Gérald Papy
C’est la hess par Gérald Papy: pour ne pas hypothéquer la reconstruction du Maroc
Les premiers jours de la gestion humanitaire du séisme qui a frappé le Maroc ont été marqués par une polémique sur la frilosité supposée du royaume chérifien à accueillir l’aide de certains pays.

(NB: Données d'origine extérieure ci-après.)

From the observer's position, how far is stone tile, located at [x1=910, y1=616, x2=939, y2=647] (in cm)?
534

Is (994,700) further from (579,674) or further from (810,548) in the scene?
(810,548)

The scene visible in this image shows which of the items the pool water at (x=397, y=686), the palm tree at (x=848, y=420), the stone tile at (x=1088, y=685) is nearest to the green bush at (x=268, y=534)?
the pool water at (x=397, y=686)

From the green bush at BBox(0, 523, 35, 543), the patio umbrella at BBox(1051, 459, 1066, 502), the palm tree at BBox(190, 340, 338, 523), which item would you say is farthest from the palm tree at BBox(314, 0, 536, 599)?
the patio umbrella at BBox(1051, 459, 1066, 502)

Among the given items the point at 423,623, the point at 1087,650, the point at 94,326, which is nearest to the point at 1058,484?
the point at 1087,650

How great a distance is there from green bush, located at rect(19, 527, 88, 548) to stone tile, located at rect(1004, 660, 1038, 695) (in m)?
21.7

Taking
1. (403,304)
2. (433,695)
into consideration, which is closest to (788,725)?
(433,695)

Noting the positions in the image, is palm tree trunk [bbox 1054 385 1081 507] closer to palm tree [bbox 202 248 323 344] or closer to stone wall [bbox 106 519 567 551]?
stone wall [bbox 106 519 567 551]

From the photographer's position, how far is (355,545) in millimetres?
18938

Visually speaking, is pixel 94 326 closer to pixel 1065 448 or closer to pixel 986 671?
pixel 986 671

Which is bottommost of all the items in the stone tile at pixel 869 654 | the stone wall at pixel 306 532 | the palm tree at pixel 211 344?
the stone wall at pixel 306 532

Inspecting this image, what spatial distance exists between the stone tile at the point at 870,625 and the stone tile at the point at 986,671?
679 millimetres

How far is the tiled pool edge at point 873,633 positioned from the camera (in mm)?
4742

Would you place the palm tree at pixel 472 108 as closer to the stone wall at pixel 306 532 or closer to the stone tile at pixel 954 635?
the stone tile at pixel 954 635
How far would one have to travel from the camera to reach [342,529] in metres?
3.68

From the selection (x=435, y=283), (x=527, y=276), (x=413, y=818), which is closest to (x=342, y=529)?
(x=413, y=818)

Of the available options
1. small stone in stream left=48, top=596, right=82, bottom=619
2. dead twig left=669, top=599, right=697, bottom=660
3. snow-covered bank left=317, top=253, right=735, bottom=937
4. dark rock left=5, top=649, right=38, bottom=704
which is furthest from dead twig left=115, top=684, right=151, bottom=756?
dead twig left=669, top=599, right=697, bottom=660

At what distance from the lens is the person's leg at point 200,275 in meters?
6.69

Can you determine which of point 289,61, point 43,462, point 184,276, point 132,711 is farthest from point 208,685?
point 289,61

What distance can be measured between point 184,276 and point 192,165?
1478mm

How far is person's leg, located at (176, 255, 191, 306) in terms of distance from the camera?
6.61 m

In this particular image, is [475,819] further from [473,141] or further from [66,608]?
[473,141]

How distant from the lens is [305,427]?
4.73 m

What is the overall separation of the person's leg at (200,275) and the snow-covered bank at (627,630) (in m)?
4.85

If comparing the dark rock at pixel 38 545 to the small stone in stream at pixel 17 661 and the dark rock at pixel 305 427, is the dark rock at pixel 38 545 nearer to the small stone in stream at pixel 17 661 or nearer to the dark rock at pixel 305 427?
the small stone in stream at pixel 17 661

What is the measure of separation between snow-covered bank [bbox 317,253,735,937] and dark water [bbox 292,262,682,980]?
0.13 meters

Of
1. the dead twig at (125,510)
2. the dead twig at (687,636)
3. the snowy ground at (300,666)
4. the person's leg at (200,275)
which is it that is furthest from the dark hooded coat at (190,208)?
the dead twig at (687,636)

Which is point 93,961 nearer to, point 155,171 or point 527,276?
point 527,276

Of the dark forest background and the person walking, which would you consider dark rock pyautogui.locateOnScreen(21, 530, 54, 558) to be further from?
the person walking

Une polémique, quelle polémique? Aucun gouvernement ayant offert une assistance ne s’est officiellement plaint du traitement que Rabat lui aurait réservé. C’est sans doute que les dirigeants occidentaux, principaux concernés, sont intellectuellement aptes à comprendre qu’un pays souverain, qui n’est pas ravagé par la guerre ou par la gabegie, peut juger opportun ou non d’accepter le déploiement d’une assistance étrangère sur son territoire, qui plus est dans un terrain hostile auquel elle n’est pas accoutumée. Des expériences précédentes d’intervention, certes dans des contextes différents, comme en Haïti en 2010, n’ont pas été particulièrement à l’honneur des opérateurs occidentaux. Ce constat ne doit cependant pas empêcher de se poser la question de savoir si un supplément d’aide, pour des besoins spécifiques, notamment sortir des survivants des décombres, n’aurait pas été précieux.

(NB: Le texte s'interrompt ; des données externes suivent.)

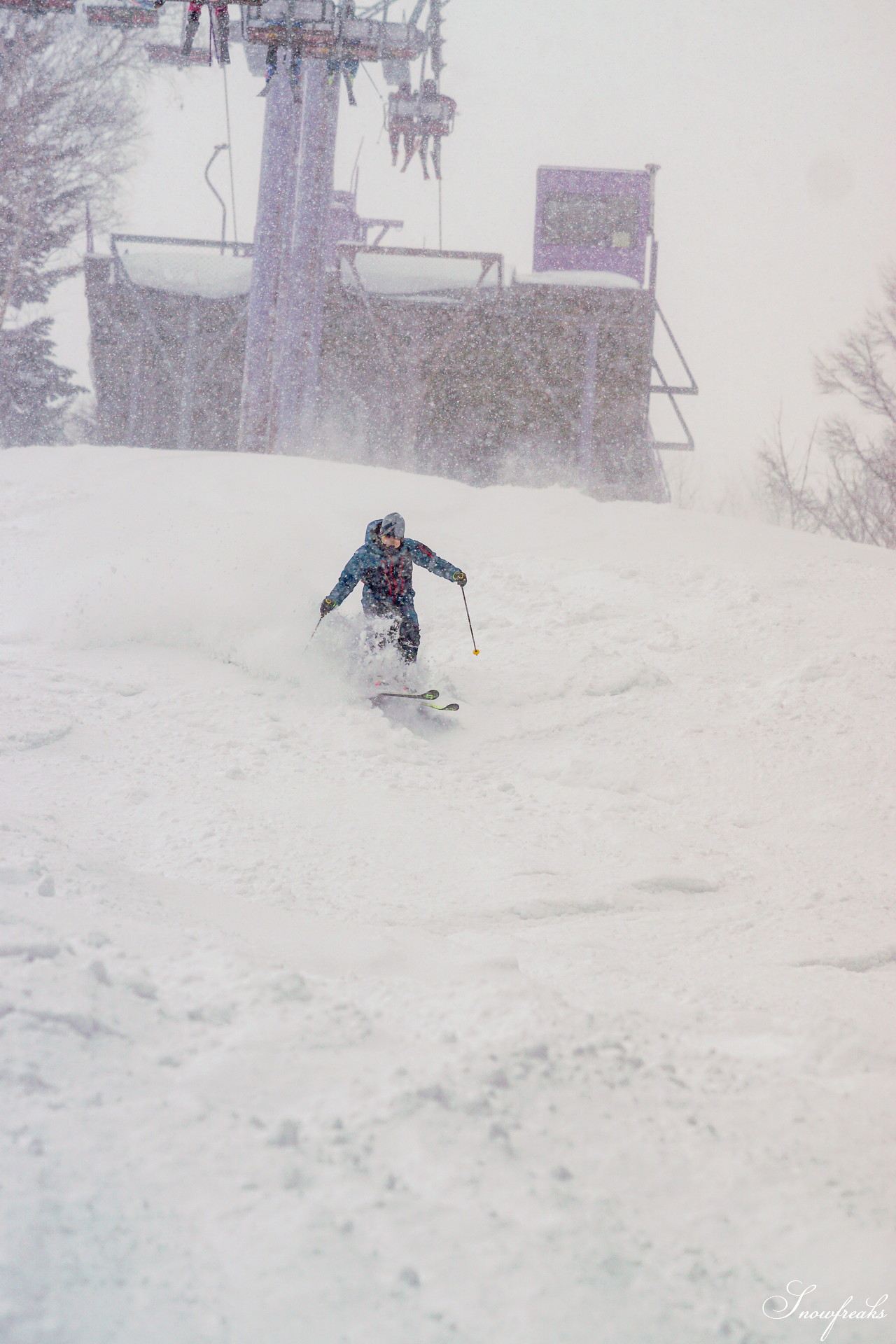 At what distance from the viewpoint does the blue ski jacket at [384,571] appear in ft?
23.0

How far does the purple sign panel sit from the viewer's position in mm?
18047

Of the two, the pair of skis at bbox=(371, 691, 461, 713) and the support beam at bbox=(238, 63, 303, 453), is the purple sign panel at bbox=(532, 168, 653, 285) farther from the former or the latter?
the pair of skis at bbox=(371, 691, 461, 713)

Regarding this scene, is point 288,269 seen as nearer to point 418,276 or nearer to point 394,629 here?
point 418,276

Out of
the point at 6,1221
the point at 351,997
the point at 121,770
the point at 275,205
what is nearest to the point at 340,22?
the point at 275,205

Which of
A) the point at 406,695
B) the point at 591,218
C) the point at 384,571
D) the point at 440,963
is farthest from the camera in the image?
the point at 591,218

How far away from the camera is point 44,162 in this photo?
21.8 meters

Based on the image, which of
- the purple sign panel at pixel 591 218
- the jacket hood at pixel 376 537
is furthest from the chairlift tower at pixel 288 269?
the jacket hood at pixel 376 537

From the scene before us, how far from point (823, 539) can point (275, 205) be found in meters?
9.65

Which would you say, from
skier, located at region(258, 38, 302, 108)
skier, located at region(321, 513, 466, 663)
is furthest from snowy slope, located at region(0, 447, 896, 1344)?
skier, located at region(258, 38, 302, 108)

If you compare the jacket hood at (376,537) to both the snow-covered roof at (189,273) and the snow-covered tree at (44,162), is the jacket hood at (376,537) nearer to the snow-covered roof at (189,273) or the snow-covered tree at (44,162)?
the snow-covered roof at (189,273)

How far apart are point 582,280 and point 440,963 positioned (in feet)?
51.7

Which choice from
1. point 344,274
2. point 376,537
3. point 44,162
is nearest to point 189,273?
point 344,274

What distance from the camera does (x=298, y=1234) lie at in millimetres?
1579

Du reste, l’attentisme du Maroc ne se confond pas avec un ostracisme national. Il vise souvent une offre d’aide d’Etats sans pénaliser pour autant l’action d’ONG issues de ceux-ci, qui y étaient déjà présentes et/ou qui ont décidé d’apporter une assistance spécifique liée au tremblement de terre. Ce diagnostic souffre cependant deux exceptions. Elles concernent l’Algérie, avec laquelle le Maroc a un contentieux très ancien (sur l’avenir du Sahara occidental), et la France, qu’un litige plus récent (notamment lié à l’utilisation du système Pegasus par le Maroc pour espionner des responsables politiques français) a éloigné de Rabat.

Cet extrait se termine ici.